• [EXERCISE DATA]:
- Opening Delimiter -

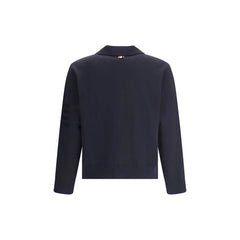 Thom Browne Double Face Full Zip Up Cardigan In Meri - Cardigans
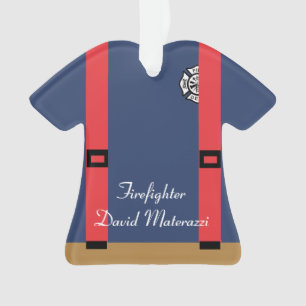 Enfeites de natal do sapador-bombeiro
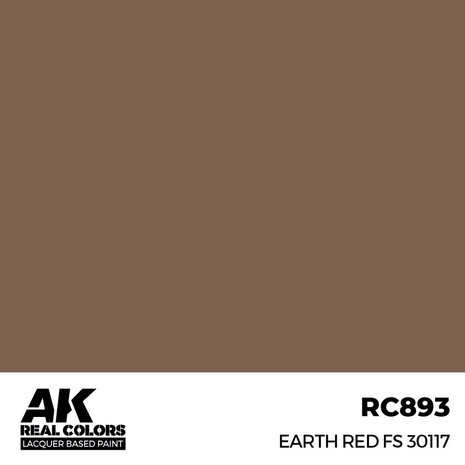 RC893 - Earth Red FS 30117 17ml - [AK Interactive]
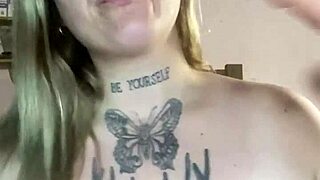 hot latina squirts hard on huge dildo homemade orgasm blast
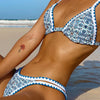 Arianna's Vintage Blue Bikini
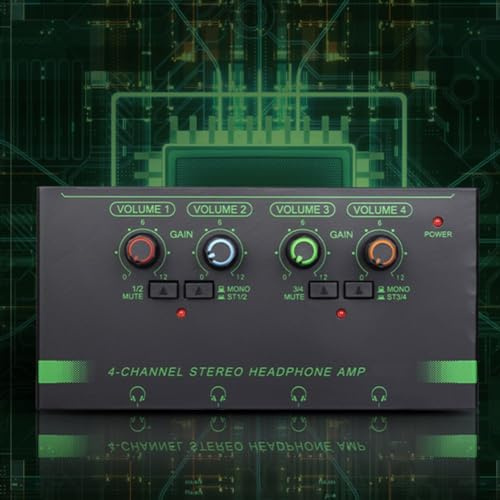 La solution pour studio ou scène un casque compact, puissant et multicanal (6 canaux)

- Closing Delimiter -

• [WHAT YOU NEED TO DO]: Output the full listing verbatim; pictures stay out.

• [RESPONSE TO THE EXERCISE]:
 Thom Browne Double Face Full Zip Up Cardigan In Meri - Cardigans
 Enfeites de natal do sapador-bombeiro
 RC893 - Earth Red FS 30117 17ml - [AK Interactive]
 hot latina squirts hard on huge dildo homemade orgasm blast
 Arianna's Vintage Blue Bikini
 La solution pour studio ou scène un casque compact, puissant et multicanal (6 canaux)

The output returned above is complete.